Authoring directly with the Data Factory service is disabled in the Azure Data Factory UX when a Git repository is configured. Changes made via PowerShell or an SDK are published directly to the Data Factory service and are not entered into Git.

Connect to a Git repository

There are four different ways to connect a Git repository to your data factory for both Azure Repos and GitHub. After you connect to a Git repository, you can view and manage your configuration in the management hub under Git configuration in the Source control section.

Configuration method 1: Home page

In the Azure Data Factory home page, select Set up code repository at the top.

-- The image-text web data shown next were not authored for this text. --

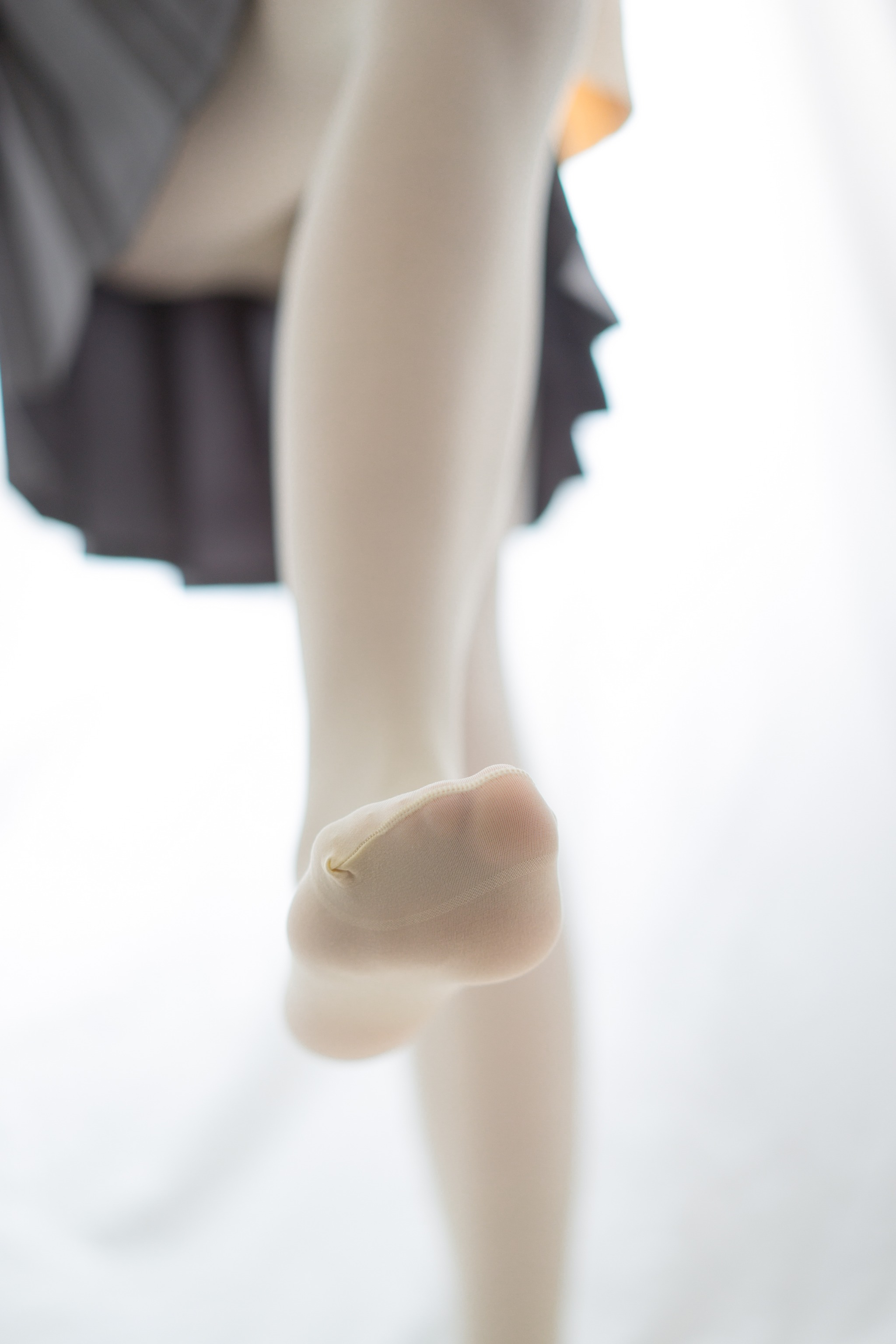 图片[1]-喵写真 VOL.017 眼镜学妹丝足 [104P]-XikXak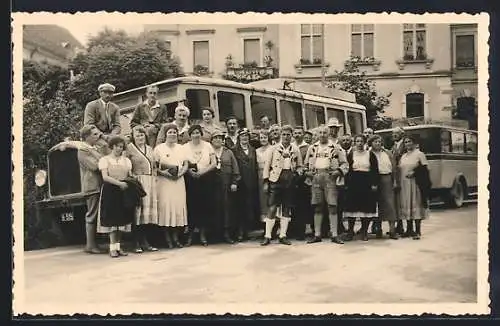 Foto-AK Saurer-Bus mit Passagieren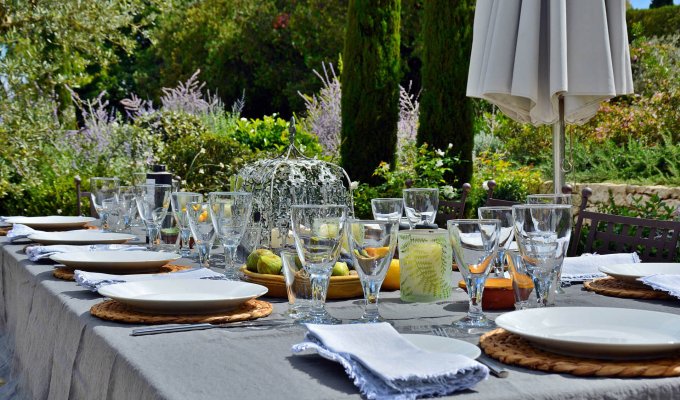 Location villa luxe Saint Remy de Provence avec piscine privee chauffee et personnel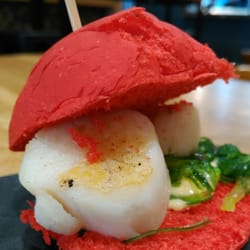 Sergio Megias Gastrobar - Mini hamburguesa de vieira.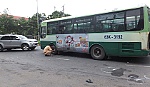 Va chạm với xe mô tô, nam thanh niên bị xe buýt cán qua chân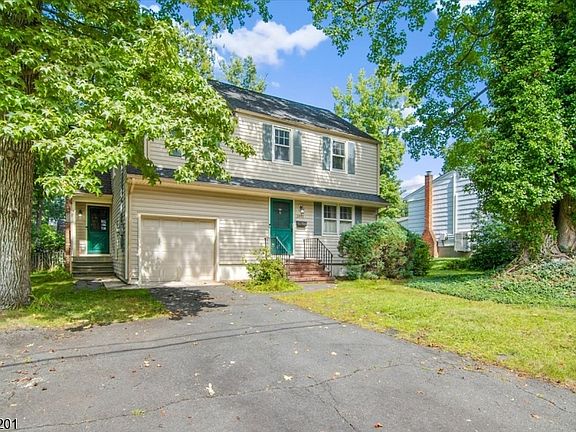 2nd image of 2075 Meadowview Rd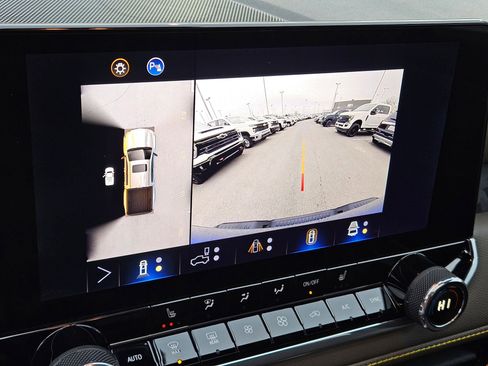 Used 2024 Chevrolet Colorado ZR2 w/ Technology Package image 24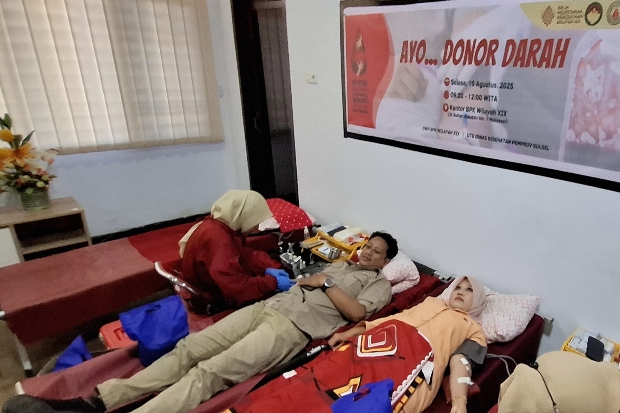 Meriahkan HUT Kemerdekaan RI, DWP BPK Wilayah XIX Gelar Donor Darah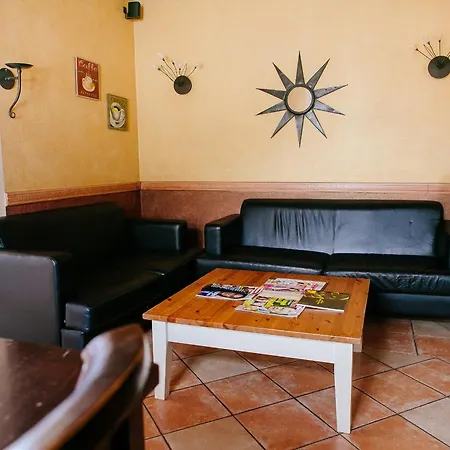 لاندوتيل إيربورت-ان 3* لاوتزنهاوسن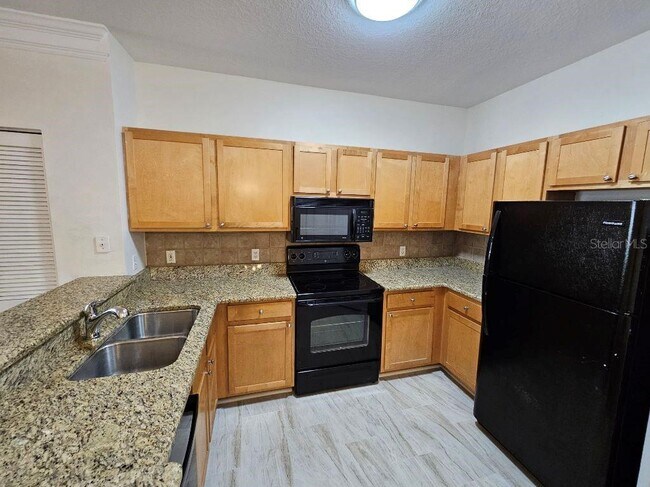 Building Photo - 4207 S Dale Mabry Hwy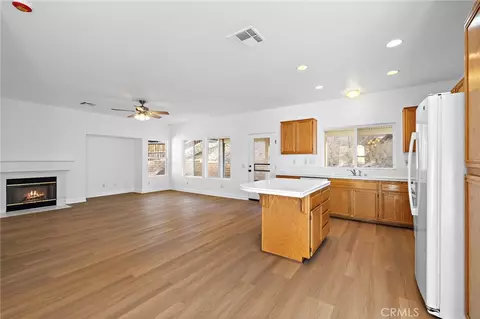 Living - 22009 Blondon Ct, Wildomar, CA 92595 photo 7 of 10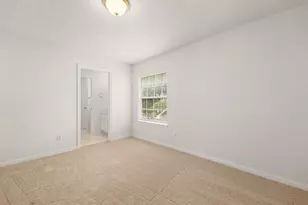 9423 Walnut Brook Ct, Houston, TX 77040 - Photo 32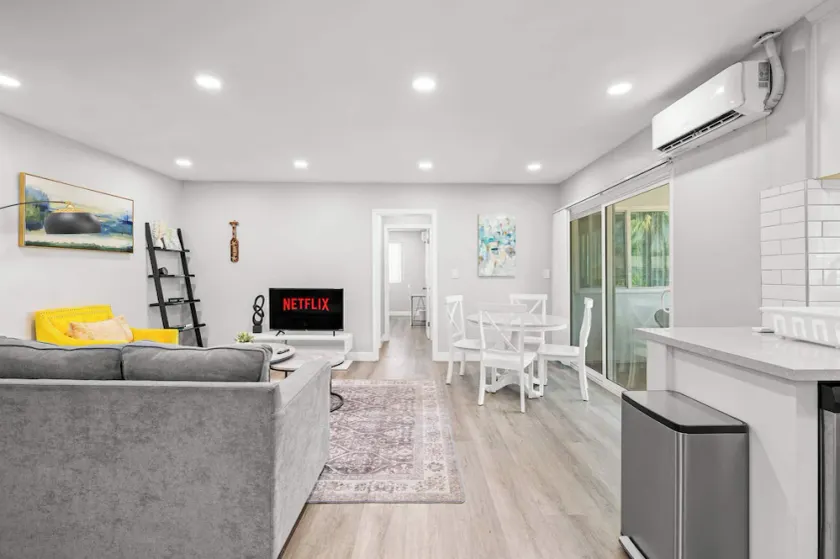 Modern Family Getaway With Spacious Living Areas - Image 1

Configure a code repository from home page

Configuration method 2: Authoring canvas

In the Azure Data Factory UX authoring canvas, select the Data Factory drop-down menu, and then select Set up code repository.

Configure the code repository settings from authoring

Configuration method 3: Management hub

Go to the management hub in the Azure Data Factory Studio. Select Git configuration in the Source control section. If you have no repository connected, select Configure.

Configure the code repository settings from management hub

Configuration method 4: During factory creation

When creating a new data factory in the Azure portal, you can configure Git repository information in the Git configuration tab.

Note

When configuring git in the Azure Portal, settings like project name and repo name have to be manually entered instead of being part of a dropdown.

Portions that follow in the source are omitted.